Mais ce grand personnage, âgé de 72 ans, n’aime pas les compromis et dénonçait une progression du conformisme en Europe et dans son pays, s’en prenant notamment aux tenants de l’ordre religieux. Le retour de bâton vient d’avoir lieu, qui frappe l’artiste indirectement.

Krystian Lupa ne dirige pas de théâtre en Pologne mais il a sa place au Teatr Polski, à Wroclaw, grande ville au passé artistique important (Grotowski y créa son Théâtre laboratoire au cours des années 1960). Cet établissement était dirigé par Krzysztof -Mieszkowski, qui aidait Lupa et pas mal d’autres représentants d’un art novateur.

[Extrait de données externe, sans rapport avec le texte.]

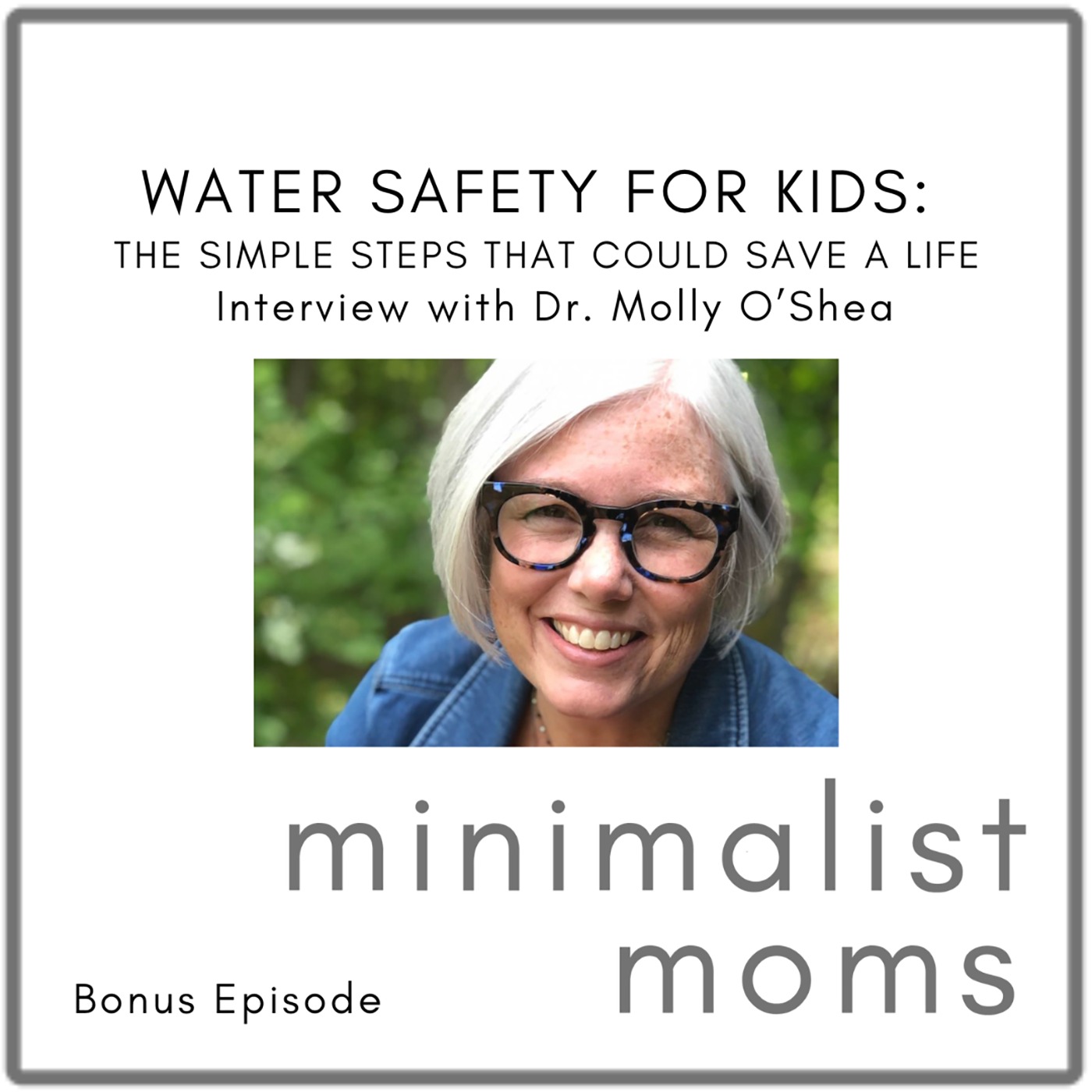 Water Safety for Kids: The Simple Steps That Could Save a Life | Dr. Molly O'Shea (Bonus Episode)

Les milieux conservateurs regardaient -Mieszkowski d’un mauvais œil, sans trop bouger, mais un spectacle mit le feu aux poudres ces derniers mois. Ce n’était pas une réalisation de Lupa mais une pièce d’Elfriede Jelinek, La Fille et la Mort, jouée par une jeune équipe qui avait intégré des comédiennes venues du cinéma porno. Les autorités crièrent au loup sans avoir vu le spectacle. Le mandat du directeur du Polski arrivait à sa fin, il était temps de faire rentrer dans le rang cette équipe séditieuse. Le ministre de la Culture, Piotr Glinski, et le vice-président de la Région, Tadeusz Samborski, imposèrent tranquillement Cezary Morawski sans écouter les arguments des cinq autres candidats. Morawski n’est pas un inconnu : il a joué le pape Jean-Paul II dans le film de Zanussi, From a Far Country. Il a fait beaucoup de télévision, mais son expérience du théâtre est maigrelette.

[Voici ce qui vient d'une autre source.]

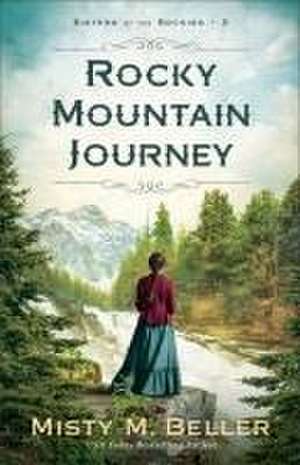 Rocky Mountain Journey de Misty M Beller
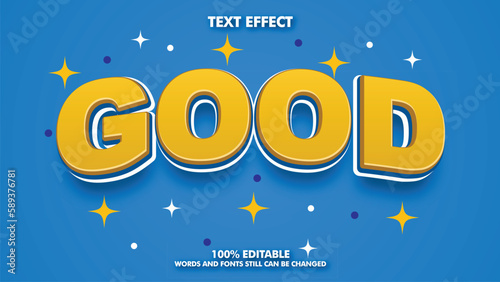 editable good text effect on blue background eps file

Levée de boucliers immédiate. La troupe du Polski manifesta. Des artistes, comme la cinéaste Agnieszka Holland, rejoignirent le mouvement. Mais, nommé fin août, Morawski prit le train de Varsovie pour Wroclaw le 1er septembre. À l’arrivée, il trouva des acteurs qui lui tendaient un billet de retour pour Varsovie ! Indifférent à ces réactions, il fit changer les serrures et installa quelques caméras de contrôle dans les couloirs. Immédiatement, la prochaine création de Lupa, une adaptation du Procès de Kafka, programmée le 23 novembre, fut annulée.

Les commentateurs parlent beaucoup d’une situation -kafkaïenne à Wroclaw. Mais pour Lupa et son entourage, qui multiplient les protestations, les choses sont claires : la Pologne veut revenir à ses « valeurs » ancestrales, le patriotisme et le respect de l’icono-graphie religieuse. L’évolution politique du pays est assez proche du virage réactionnaire opéré par la Hongrie de Viktor Orbán.

Krystian Lupa, dans le « Manifeste »qu’il publie dans son livre et qu’il a lu à Cracovie et à Paris (à la Colline) l’an dernier, déclarait : « Je ne peux pas être en paix avec l’idée que je suis là fixé comme une plante, là où les gens choisissent l’option étroite de la régression, qui s’y enferment et ferment la voie au Rêveur du progrès humaniste. Vivre quelque part… ailleurs… C’est vrai, je ne peux pas vivre là où prolifère le fascisme. »

Lupa ne se sent plus tout à fait polonais. Pour le moment, la solidarité des structures françaises et des autres pays d’Europe tarde à se manifester. Lenteurs de la rentrée, à n’en pas douter…

Utopia. Lettres aux acteurs, traduction du polonais par Éric Veaux et Agnieszka Zgieb, Actes Sud, 176 p., 18 euros.